Giuliano Liuzzi, Geronimo L. Villanueva, Loïc Trompet,Matteo M. J. Crismani,Arianna Piccialli,Shohei Aoki,Miguel Angel Lopez-Valverde,Aurélien Stolzenbach,Frank Daerden,Lori Neary,Michael D. Smith,Manish R. Patel,Stephen R. Lewis,R. Todd Clancy,Ian R. Thomas,Bojan Ristic,Giancarlo Bellucci,Jose-Juan Lopez-Moreno, Ann Carine Vandaele

We present observations of terminator CO2 ice clouds events in three groups: Equatorial dawn, Equatorial dusk (both between 20°S and 20°N) and Southern midlatitudes at dawn (45°S and 55°S east of Hellas Basin) with ESA ExoMars Trace Gas Orbiter's Nadir and Occultation for MArs Discovery instrument. CO2 ice abundance is retrieved simultaneously with water ice, dust, and particle sizes, and rotational temperature and CO2 column profiles in 16 of 26 cases. Small particles (<0.5 μm) prevail at dusk, while water ice likely provides most source nuclei at dawn.

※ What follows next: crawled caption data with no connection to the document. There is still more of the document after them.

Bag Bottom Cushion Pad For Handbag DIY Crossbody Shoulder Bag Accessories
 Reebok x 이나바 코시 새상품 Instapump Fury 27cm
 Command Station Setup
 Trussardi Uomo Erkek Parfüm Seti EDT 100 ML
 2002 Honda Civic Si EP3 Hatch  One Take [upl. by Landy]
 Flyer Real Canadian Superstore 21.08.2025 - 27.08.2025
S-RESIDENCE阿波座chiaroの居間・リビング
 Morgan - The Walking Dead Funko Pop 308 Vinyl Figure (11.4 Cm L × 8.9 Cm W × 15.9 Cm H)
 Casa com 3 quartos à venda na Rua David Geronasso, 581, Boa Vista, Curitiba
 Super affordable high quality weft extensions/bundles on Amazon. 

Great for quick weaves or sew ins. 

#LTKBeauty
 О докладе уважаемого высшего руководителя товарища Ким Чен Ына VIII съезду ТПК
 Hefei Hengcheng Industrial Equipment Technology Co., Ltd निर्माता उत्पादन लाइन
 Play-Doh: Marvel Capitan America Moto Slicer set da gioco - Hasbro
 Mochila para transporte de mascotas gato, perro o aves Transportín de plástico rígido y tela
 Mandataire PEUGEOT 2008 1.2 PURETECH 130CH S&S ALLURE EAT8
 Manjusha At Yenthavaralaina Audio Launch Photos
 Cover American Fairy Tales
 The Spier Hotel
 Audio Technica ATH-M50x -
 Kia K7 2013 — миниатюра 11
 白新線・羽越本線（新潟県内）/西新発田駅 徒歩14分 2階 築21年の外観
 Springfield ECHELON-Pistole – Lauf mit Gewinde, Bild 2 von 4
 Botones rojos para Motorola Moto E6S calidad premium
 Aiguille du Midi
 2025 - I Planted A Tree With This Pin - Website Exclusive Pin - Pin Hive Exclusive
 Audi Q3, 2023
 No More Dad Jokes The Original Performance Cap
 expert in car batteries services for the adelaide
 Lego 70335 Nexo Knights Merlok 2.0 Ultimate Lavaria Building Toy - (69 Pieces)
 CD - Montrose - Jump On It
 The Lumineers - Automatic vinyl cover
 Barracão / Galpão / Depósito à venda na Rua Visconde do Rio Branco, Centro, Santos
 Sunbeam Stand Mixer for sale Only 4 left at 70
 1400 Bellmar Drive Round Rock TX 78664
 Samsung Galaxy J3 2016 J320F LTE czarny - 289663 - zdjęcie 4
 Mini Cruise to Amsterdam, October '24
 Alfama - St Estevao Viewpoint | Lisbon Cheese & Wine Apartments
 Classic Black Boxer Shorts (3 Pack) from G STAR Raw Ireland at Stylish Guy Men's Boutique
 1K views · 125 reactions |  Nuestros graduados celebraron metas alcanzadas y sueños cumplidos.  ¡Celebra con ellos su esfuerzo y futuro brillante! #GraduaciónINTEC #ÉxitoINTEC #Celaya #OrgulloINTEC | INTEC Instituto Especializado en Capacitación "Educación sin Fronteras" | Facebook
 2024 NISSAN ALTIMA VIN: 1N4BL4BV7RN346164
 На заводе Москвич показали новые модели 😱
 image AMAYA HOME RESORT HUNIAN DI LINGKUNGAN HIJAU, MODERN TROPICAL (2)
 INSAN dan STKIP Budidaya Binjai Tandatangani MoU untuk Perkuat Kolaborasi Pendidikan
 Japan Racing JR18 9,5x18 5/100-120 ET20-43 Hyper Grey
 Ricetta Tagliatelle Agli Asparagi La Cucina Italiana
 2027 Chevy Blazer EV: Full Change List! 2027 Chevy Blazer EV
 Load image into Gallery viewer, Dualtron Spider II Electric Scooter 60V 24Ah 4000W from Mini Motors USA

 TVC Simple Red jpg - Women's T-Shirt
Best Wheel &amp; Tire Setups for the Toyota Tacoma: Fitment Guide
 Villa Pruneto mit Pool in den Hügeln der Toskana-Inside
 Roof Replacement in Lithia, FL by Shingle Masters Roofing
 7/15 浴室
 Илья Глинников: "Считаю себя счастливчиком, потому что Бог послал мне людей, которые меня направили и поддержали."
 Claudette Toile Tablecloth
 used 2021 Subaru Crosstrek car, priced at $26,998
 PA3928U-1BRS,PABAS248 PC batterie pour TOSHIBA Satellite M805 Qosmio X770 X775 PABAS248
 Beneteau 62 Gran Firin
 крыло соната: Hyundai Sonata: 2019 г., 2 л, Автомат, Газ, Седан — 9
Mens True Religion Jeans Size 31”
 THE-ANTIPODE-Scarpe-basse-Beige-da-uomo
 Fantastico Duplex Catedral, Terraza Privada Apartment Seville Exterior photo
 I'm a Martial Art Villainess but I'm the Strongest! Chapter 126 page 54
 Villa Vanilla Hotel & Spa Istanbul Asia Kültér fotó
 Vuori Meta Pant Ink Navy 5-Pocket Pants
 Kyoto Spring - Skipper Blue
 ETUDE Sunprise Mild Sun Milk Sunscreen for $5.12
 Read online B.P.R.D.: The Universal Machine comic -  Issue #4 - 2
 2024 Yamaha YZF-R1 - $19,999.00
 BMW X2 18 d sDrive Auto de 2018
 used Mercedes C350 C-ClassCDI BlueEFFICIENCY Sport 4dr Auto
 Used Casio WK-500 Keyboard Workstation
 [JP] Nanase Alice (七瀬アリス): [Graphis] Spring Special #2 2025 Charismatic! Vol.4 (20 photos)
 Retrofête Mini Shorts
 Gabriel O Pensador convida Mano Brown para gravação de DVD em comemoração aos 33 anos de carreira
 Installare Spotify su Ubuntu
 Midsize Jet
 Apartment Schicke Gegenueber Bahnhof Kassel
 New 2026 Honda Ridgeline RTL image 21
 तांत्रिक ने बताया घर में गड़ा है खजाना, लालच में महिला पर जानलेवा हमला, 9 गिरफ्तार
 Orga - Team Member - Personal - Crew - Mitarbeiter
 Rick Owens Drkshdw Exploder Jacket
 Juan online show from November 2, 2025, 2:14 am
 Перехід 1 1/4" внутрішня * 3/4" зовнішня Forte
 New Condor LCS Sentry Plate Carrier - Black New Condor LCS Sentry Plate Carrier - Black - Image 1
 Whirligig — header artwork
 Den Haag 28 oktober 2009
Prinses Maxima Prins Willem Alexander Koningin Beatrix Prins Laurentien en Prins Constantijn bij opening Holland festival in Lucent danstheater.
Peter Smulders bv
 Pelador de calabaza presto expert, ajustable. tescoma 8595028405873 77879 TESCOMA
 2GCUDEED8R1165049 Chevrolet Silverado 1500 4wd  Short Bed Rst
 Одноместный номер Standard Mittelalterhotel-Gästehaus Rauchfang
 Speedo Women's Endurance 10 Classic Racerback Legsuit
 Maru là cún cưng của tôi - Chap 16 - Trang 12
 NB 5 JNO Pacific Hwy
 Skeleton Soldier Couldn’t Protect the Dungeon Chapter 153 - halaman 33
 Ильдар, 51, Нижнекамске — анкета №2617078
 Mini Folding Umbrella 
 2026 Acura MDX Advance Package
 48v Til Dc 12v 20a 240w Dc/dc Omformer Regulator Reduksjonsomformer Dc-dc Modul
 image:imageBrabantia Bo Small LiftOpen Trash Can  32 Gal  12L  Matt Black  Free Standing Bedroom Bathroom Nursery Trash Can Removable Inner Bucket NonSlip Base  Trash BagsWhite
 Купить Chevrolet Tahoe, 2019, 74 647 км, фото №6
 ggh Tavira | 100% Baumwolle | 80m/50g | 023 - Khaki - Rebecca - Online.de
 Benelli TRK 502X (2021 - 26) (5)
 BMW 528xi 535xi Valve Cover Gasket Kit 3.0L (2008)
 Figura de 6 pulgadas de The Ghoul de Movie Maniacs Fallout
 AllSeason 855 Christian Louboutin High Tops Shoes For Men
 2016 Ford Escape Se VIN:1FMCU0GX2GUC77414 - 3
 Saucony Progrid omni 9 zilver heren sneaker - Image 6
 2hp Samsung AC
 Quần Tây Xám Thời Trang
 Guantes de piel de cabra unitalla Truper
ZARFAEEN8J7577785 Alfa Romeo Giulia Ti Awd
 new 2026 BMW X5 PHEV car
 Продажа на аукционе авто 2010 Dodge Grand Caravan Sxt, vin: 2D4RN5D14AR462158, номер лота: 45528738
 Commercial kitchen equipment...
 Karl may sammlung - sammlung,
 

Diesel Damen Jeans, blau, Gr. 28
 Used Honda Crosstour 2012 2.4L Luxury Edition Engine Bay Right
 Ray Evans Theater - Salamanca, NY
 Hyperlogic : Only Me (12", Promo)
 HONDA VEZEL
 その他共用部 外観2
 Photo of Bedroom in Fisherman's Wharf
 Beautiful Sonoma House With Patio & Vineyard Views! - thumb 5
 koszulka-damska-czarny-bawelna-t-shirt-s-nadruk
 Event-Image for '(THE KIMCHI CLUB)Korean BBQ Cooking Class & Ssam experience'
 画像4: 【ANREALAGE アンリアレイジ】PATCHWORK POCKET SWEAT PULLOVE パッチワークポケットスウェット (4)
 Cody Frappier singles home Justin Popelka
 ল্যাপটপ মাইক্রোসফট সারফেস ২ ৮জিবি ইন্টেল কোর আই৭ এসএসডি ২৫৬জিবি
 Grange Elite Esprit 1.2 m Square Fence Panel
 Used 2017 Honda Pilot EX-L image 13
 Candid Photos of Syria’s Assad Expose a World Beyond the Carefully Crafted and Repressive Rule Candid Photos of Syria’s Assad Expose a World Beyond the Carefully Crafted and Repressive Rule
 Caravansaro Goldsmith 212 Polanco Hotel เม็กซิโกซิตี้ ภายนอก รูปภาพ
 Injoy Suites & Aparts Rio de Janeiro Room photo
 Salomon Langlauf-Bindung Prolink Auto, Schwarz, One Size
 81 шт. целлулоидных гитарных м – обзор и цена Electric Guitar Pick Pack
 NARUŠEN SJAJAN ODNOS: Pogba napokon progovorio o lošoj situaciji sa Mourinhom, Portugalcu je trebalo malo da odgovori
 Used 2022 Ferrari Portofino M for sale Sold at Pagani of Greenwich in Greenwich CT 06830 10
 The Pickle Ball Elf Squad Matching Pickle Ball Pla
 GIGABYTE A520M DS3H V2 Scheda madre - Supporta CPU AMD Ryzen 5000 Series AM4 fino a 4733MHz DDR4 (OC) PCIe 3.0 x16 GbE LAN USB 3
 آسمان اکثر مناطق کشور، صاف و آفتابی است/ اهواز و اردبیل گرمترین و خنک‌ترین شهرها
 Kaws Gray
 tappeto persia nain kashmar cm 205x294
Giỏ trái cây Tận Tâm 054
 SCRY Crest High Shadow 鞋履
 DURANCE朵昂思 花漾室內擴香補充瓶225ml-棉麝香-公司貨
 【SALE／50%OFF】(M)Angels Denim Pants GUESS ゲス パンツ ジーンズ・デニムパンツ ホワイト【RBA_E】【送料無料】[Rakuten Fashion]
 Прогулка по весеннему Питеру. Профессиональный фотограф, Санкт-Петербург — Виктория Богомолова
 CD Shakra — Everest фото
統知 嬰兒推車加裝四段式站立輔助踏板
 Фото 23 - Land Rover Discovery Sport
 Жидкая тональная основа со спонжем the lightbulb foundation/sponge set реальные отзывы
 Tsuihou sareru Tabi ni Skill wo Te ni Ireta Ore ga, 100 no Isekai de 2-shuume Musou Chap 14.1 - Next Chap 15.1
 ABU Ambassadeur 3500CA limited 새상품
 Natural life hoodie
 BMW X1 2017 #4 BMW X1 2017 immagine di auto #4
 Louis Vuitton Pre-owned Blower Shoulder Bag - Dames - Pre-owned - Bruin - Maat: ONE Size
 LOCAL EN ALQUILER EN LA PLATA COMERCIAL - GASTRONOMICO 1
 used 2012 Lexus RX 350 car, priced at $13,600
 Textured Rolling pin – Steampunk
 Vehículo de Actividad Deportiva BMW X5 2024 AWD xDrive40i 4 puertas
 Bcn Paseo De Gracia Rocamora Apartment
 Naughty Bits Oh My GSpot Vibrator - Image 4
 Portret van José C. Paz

Clouds east of Hellas are found to be dominantly nucleated on surface-lifted dust. CO2 ice is sometimes detected in unsaturated air together with dust nuclei at dawn, suggesting ongoing sublimation. Depending on latitude and local time, the interplay between particle precipitation and the lifetime of temperature minima (i.e., cold pockets) determines CO2 ice properties.

 

liuzzi co2 clouds

(a) Summary of the detections in the Equatorial region at dusk, dawn (b) and in the Hellas region at dawn (c). The plots report only the cases in which temperature (and CO2 saturation ratio, contours) is retrieved together with the properties of dust (orange dots), CO2 ice (white) and water ice (blue).